*** PROVIDED ENTRIES
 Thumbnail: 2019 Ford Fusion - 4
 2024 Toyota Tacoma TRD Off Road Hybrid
******
*** PROVIDED ENTRIES
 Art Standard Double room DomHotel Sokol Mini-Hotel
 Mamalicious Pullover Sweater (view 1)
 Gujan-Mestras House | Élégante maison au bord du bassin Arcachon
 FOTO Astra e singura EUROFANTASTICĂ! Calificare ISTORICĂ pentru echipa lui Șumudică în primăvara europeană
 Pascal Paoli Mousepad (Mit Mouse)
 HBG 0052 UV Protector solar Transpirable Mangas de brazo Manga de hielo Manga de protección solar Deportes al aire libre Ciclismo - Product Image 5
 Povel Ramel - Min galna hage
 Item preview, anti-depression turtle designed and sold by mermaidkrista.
******
*** PROVIDED ENTRIES
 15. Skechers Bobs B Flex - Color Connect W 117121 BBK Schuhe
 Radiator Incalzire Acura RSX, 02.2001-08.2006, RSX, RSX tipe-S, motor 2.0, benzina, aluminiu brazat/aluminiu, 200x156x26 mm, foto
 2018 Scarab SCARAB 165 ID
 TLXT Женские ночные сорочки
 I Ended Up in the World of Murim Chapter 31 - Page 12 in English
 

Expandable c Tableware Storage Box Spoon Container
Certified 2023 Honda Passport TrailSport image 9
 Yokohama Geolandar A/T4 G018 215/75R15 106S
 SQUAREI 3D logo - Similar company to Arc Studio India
******
EXERCISE INSTRUCTIONS:
Give again exactly, and only, the lines above starting at the one with "Mamalicious Pullover Sweater (view 1)" and ending at the one with "Item preview, anti-depression".

WRITTEN SOLUTION:
 Mamalicious Pullover Sweater (view 1)
 Gujan-Mestras House | Élégante maison au bord du bassin Arcachon
 FOTO Astra e singura EUROFANTASTICĂ! Calificare ISTORICĂ pentru echipa lui Șumudică în primăvara europeană
 Pascal Paoli Mousepad (Mit Mouse)
 HBG 0052 UV Protector solar Transpirable Mangas de brazo Manga de hielo Manga de protección solar Deportes al aire libre Ciclismo - Product Image 5
 Povel Ramel - Min galna hage
 Item preview, anti-depression turtle designed and sold by mermaidkrista.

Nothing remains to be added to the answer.